Roger Oberholtzer wrote:
On Thu, Mar 1, 2018 at 5:00 PM, Dave Howorth <dave@howorth.org.uk> wrote:
On Thu, 1 Mar 2018 15:49:15 +0100 Roger Oberholtzer <roger.oberholtzer@gmail.com> wrote:
On Thu, Mar 1, 2018 at 3:24 PM, Andrei Borzenkov <arvidjaar@gmail.com> wrote:
On Thu, Mar 1, 2018 at 5:16 PM, Roger Oberholtzer <roger.oberholtzer@gmail.com> wrote:
If the directory before the mount has 0777 (all rwx), after the mount those will be the permissions for the root of the mounted volume.

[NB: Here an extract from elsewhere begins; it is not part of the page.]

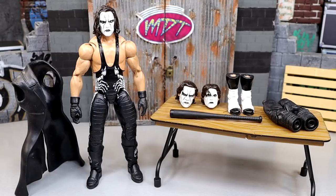What is good everybody, welcome back to another My Name Toys video. Today we are back with a brand new WWE Ultimate Edition Review.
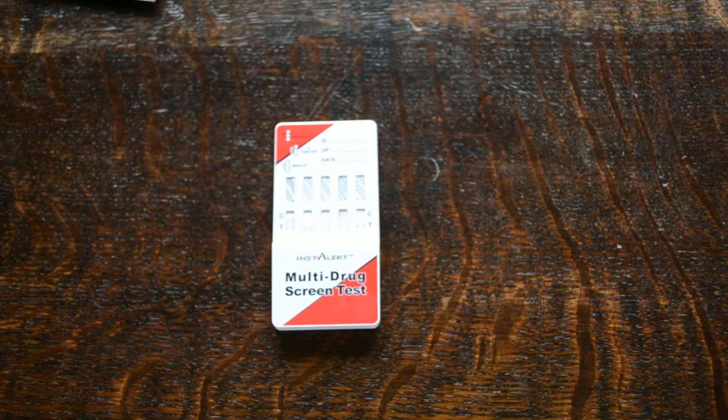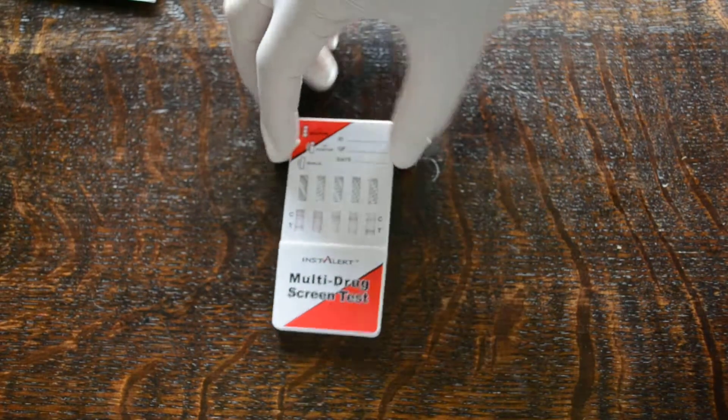They're all going to take between two and a maximum of eight minutes to run and develop. You're looking for the standard format: the presence of a control line, then interpreting the presence or absence of the drug by the presence or absence of a test line. If there's drug present at or above the cutoff level, no test line will form — just a control line — giving a positive result. If there is no drug present, the dye will bind to the test line and it will form, giving a negative result.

localhost:~ # ls -ld /mnt drwxrwxrwx 1 root root 0 Dec 6 03:16 /mnt localhost:~ # mount /dev/sdb1 /mnt localhost:~ # ls -ld /mnt drwx------ 1 test root 8 Feb 28 10:08 /mnt
# ls -ld /backup/ drwxrwxrwx 2 root root 4096 Mar 1 15:37 /backup/ # mount /dev/sdb1 /backup/ # ls -ld /backup/ drwxrwxrwx 2 root root 4096 Mar 1 15:37 /backup/
This is a newly formatted ext4 volume.
So whilst it is mounted, change its permissions (i.e. chmod whatever /backup) and its owner if you wish. Then unmount it. Check again what the permissions of the mount point are. Then mount it again and check what the permissions of its top-level directory are again.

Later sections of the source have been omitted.